Akyurek hypothesized that in context learners don’t just match patterns they’ve seen before, they actually learn to perform new tasks. He and others had experimented with giving these models cues using synthetic data they couldn’t see anywhere before, and found that the models could still learn from just a few examples. Akyurek and his colleagues thought that perhaps these neural network models had smaller machine learning models within them that could train the models to perform a new task.
“It can explain almost all the learning phenomena we’ve seen with these large models,” he says.
To test this hypothesis, the researchers used a neural network model called a transformer, which has the same architecture as GPT-3 but was specifically trained for in-context learning.
By studying the architecture of this transformer, they theoretically proved that it could write a linear model in its hidden states. A neural network is made up of many layers of interconnected nodes that process data. Hidden states are the layers between the input and output layers.
Their mathematical evaluations show that this linear model is written in the earliest layers of the transformer. The transformer can then update the linear model by applying simple learning algorithms.
Essentially, the model simulates and trains a smaller version of itself.
Probing hidden layers
The researchers investigated this hypothesis using probing experiments, where they searched the hidden layers of the transformer in an attempt to recover a certain amount.
“In this case, we tried to recover the true solution of the linear model and were able to show that the parameter is written in the hidden states. This means that the linear model is there somewhere,” he says.
Based on this theoretical work, researchers can enable the transformer to perform in-context learning by adding just two layers to the neural network. There are still many technical details to be worked out, warns Akyürek, but it could help engineers create models that can perform new tasks without the need to train on new data.
“The paper sheds light on one of the most remarkable properties of modern large language models: their ability to learn from their input without explicit training. Using the simplified case of linear regression, the authors show theoretically how models can apply standard learning algorithms when reading their input, and empirically which learning algorithms best match their observed behavior,” said Mike Lewis, Facebook AI Research. of the research scientist who was not. involved in this work. “These results are a stepping stone to understanding how models can learn more complex tasks and will help researchers develop better training methods for language models for further improvement.”

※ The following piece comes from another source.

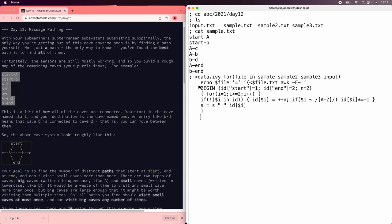And then at the end, brace the end of the for, brace the end of the line, and then at the end, we'll print graph of s, and we'll let Ivy deal with what to do about graph.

Moving forward, Akyurek plans to continue exploring in-context learning with functions that are more complex than the linear models they explored in this work. They could also apply these experiments to large language models to see if their behavior is also described by simple learning algorithms. Additionally, he wants to delve deeper into the types of preparation data that can enable contextual learning.
“With this work, people can now imagine how these models can learn from examples. So I hope it changes some people’s views about in-contextual learning,” says Akyurek. “These models are not as stupid as people think. They don’t just memorize these tasks. They can learn new tasks, and we’ve shown them how to do that.”